Content theft is having a “catastrophic impact” on the region’s entertainment industries, according to Sophie Moloney, the chief legal officer of OSN.
In an interview with Arabian Business, Moloney said that, conservatively, $500 million in revenue is being lost each year in the Middle East and North Africa from video piracy and content theft, which she called “a very serious and existential threat.”
“The current impact extends beyond satellite infringement with the evolution of technology, as new forms of piracy are constantly being introduced, posing an ongoing threat to the industry’s creating industry and putting livelihoods and jobs at stake,” she added.
According to Moloney, while “considerable progress” has been made in combating piracy - which, in OSN’s case, included cooperating with local authorities across the GCC, Egypt and Jordan in hundreds of anti-piracy – “much more can be done especially in the area of website block as the threat moves online”.
The impact of enforcement efforts, however, is “difficult to measure because of the impact of the crime.
“Although [it is] difficult to predict whether piracy will still be a major issue in years to come, we must remain steadfast in tackling this widespread problem,” she said. “There will always be people who want to steal content but moving forward as a network and industry, in this golden age of content, it's more important than ever that we remain vigilant about copyright protection, if we are to truly allow the creative community to flourish.”

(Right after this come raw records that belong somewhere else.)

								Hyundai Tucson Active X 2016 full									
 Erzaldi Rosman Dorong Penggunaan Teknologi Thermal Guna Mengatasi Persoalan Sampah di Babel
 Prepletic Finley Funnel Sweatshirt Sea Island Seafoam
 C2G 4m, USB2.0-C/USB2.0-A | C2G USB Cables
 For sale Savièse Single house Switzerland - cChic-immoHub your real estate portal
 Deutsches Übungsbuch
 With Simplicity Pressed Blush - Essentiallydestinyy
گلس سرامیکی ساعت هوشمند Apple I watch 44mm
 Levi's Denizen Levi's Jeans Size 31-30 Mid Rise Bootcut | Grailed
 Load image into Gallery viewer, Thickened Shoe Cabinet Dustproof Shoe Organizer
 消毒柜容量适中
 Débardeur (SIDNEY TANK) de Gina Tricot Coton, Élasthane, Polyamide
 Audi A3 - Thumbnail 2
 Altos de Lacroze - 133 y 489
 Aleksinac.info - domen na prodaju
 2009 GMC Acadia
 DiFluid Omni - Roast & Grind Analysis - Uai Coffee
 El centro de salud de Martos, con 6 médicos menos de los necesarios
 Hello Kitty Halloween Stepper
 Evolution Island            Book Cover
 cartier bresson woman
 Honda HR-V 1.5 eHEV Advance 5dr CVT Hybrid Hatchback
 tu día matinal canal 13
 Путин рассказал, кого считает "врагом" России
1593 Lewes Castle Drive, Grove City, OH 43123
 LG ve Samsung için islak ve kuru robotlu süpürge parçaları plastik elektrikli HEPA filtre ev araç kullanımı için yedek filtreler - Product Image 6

To combat the threat, Moloney noted that OSN has outlined a number of enforcement security initiatives for 2018, including the use of technology to conduct cyber investigations, leveraging forensic investigations and tools to track down OSN pirated content, and taking down illegal links.
“We believe our collective efforts with regional authorities are paying off, as we begin to see significant progress in the fight against piracy,” she noted. “For example, in a first for the region, a Dubai court recently convicted an illegal internet TV provider.”
“Our message to businesses and government authorities is clear,” she added. “Let’s work together to shore up security and talk to our stakeholders, influencers and audiences about changing attitudes and making progress.”